Di fronte a questo quadro proviamo a vedere cosa sta veramente avvenendo da anni nel continente europeo dal punto di vista demografico – natalità, mortalità, migrazioni interne. Un primo sguardo ci dice che siamo da tempo in presenza sia di tassi negativi di natalità che di mortalità, fattori entrambi preoccupanti per la tenuta sociale e economica del continente europeo e, dall’altro, di movimenti migratori interni agli stati dell’Unione Europea che rappresentano sia una risposta all’invecchiamento della popolazione produttivamente attiva negli stati economicamente più forti, sia la concentrazione di una forza lavoro mobile con poche capacità di forza contrattuale che ben risponde alle esigenze attuali del mercato del lavoro europeo.

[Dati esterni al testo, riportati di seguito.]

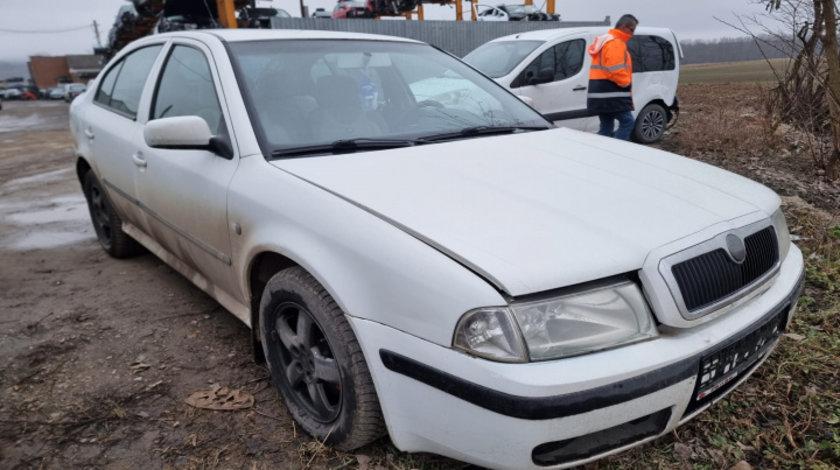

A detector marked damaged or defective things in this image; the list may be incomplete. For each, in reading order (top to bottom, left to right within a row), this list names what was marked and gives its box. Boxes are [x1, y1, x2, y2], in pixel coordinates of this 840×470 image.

damaged hood [270, 127, 780, 298]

Demograficamente l’Europa in meno di 20 anni ha visto decrescere paurosamente la propria popolazione: se nel 1990 un terrestre su quattro viveva in questo continente, oggi, nonostante la popolazione sia cresciuta dal 1950 al 2000 di 180 milioni di unità, essa rappresenta solo un decimo della popolazione mondiale. In pratica in tutti i paesi europei – ma lo stesso fenomeno si regista nella Russia post sovietica – la crescita demografica ha segnato e segna il passo; anzi nella maggioranza delle regioni europee siamo in presenza di una preoccupante decrescita con squilibri fortissimi tra ovest e est, accentuatisi dopo la caduta del muro di Berlino dovuti anche agli effetti delle politiche neoliberiste.

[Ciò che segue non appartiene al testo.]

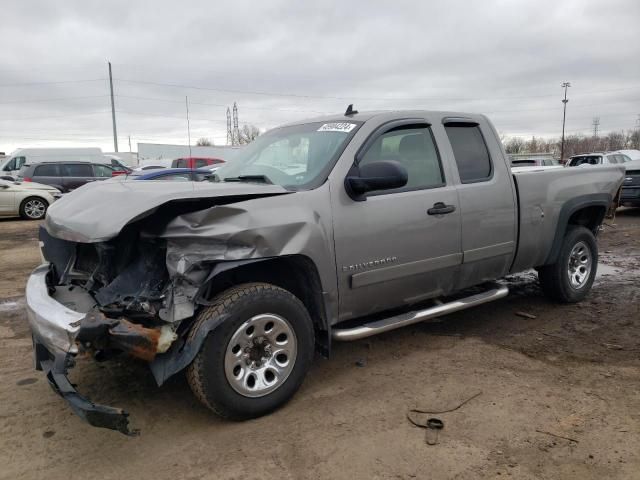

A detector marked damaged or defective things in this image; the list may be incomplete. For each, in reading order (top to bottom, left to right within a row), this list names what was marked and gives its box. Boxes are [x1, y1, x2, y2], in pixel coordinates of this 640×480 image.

crushed hood [46, 179, 292, 242]
damaged chevrolet silverado [26, 109, 624, 436]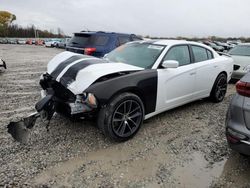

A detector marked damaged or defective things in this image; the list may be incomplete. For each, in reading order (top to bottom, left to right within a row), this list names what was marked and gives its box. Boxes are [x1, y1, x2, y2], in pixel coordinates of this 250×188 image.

damaged front end [7, 73, 97, 142]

Disuguaglianze, povertà e maggiore mortalità quali effetti dell’estensione del modello capitalistico nella versione neoliberista hanno portato sul terreno economico a una forte dipendenza degli stati dell’est Europa verso quelli occidentali: in questi stati gli effetti demografici più evidenti sono stati l’instaurarsi di una forte denatalità e fenomeni di esodo significativo della popolazione giovane verso le zone europee più ricche e produttive economicamente. Un dato riassume queste modificazioni: dal 1989 la popolazione totale dei paesi dell’est, esclusa la Russia, è diminuita di 25 milioni di abitanti; contemporaneamente è aumentata la forbice negativa di aspettativa di vita per i nati in questi paesi rispetto a quelli nati nei paesi europei occidentali e mediterranei (un bambino ucraino ha una speranza di vita 13 volte minore di un bambino svizzero o svedese). Ma anche tra un francese ricco e uno a reddito medio-basso l’aspettativa di vita del primo è 13 volte maggiori di quella del secondo a dimostrazione che le ricette neoliberiste imperanti ormai dagli anni 80-90 in tutta Europa hanno provocato un riduzione drastica della qualità della vita per molta parte della popolazione.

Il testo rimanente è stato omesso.